What is your outlook for commercial real estate? How do you see rents behaving in 2021?
Commercial real estate will bounce back to near normalcy, but the rate of recovery will differ across segments and in some instances, across micro-markets. Rent trends will largely mirror the demand curve. Premium properties will continue to be in demand; albeit at rentals which will be ‘status quo’ or even at rental points which reflect the demand/ supply ratio. The vaccination is around the corner and that will fuel the positive outlook for commercial spaces which is supported by strong fundamental demand and uniqueness of commercial spaces. Segments such as retail, entertainment, hospitality and F&B will take longer to return to pre-COVID19 pandemic levels through 2021, although the vaccine will definitely make a huge positive difference.
What is your wish list for real estate in budget?
The revival of the real estate sector is imperative for GDP growth, additional employment generation and draw investment from the domestic as well as global investor’s bandwagon. As pandemic has dished out volley of challenges be it structural or cyclical for the sector, the budget expectation are on the lines of rationalization of taxes, impetus to affordable rental housing, encouraging extension of SEZs for enhanced job creation, introducing innovative liquidity measures, and ease of doing business in the legal and regulatory framework.
The company is focusing on the completion of the on-going projects and obtaining occupational certificate which attracts no GST for the home buyers to make a deal. As we restore the construction activities in full swing with migrant and local labourers back to work, our primary target is the completion of current projects and make ready to move in apartments available for the home seekers.
We have recently launched luxury three bed ‘Admiro’ collection at Hiranandani Fortune City, Panvel, Navi Mumbai project. Few more new residential launches are in the pipeline at Powai, Thane and Panvel too. We have also announced the launch of a new villa plotted development in our township project Hiranandani Parks, Oragadam, Chennai. We have also launched new boutique retail office spaces ‘Solus’ in Hiranandani Estate Thane, and further new commercial office space development in the pipeline for 2021.
What are your plans for data centres, warehousing, and other asset classes?

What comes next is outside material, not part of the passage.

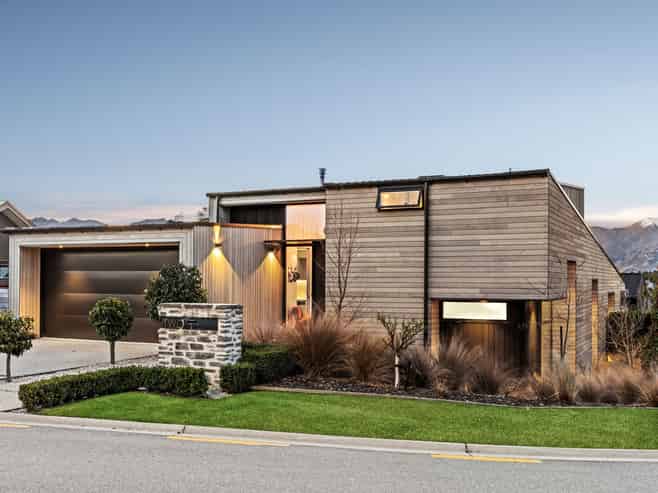2 Bargour Street, Wanaka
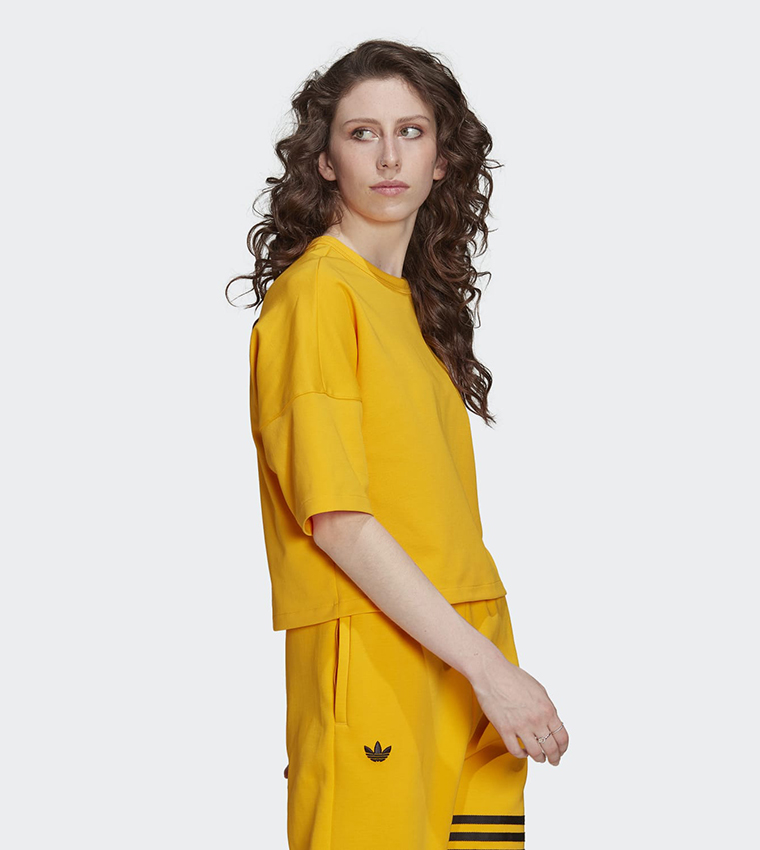 ☆Adidas☆Originals Adicolor Neuclassics Tee Dress Yellow Buy Adidas Adicolor Neuclassics T Shirt In Yellow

The group already has the expertise for building data centres, it has the land suitable for data centres as also the most important - expertise of power efficiency. These put together, will create efficiency-plus datacentres, with operating costs estimated to reduce by 20 per cent. We have an ambitious plan of potentially investing about Rs 3,500 crore in datacentre business across Navi Mumbai, Chennai, and Noida to begin with. The group has already made Rs 1,000 crore investment in its first data centre gone live at our Hiranandani Fortune City township in Panvel.